Most of the squirrel’s active time is spent on foraging. Many species, including the Eastern Gray Squirrel, hide food in caches. They bury nuts and seeds just below the topsoil, hide pinecones in burrows and store fungi in trees. I’m not sure if they have a good memory as to where they’ve stored the food, maybe squirrels rely on their good sense of smell to find caches later on. Many caches left unfound are often hidden seeds and nuts, which germinate. New trees like oak and beech can grow from such caches. That is how squirrels help with forest regeneration.

Apart from nuts, grey squirrels feed on a wide variety of foods, including: fruits, seeds, buds, flowering spike of trees, lichens, etc. Squirrels can eat mushrooms that can poison or even kill other animals. Their stomachs contain glycoprotein, which bonds with the toxic elements of fungi and make it indigestible. They also will eat insects, small frogs and other vertebrates, as well as, birds’ eggs.

A squirrel’s front teeth, or incisors, grow throughout the animal’s life. Squirrels gnaw persistently to wear down these teeth to prevent them from overgrowing. Their front teeth are also very strong and sharp, as I have found out from my own experience. Squirrels can easily cut open the hard outer shells of nuts and seeds.

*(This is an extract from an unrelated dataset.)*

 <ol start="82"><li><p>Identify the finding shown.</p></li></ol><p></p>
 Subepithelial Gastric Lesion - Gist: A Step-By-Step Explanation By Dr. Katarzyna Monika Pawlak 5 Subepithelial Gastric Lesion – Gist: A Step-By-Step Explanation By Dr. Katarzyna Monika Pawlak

A squirrel’s bushy tail is an interesting point of a drawing. It has long hairs of fur that can be depicted in longer pencil strokes. The tail is a three-dimensional object. The fine artist needs to understand its shape and volume to depict it realistically.

A squirrel’s tail serves a multiple functions. It is used for balance when the squirrel runs and climbs trees and acts as a rudder when leaping. It is also used for communication, signalling to other squirrels when danger threatens. A squirrel rapidly flicks its tail from side to side and erects the long brush hairs when threatened. Other squirrels can see and understand these signals of danger.

A squirrel’s tail is as long as its body, therefore, it can be used to provide shade during hot weather and insulate this animal during cold nights.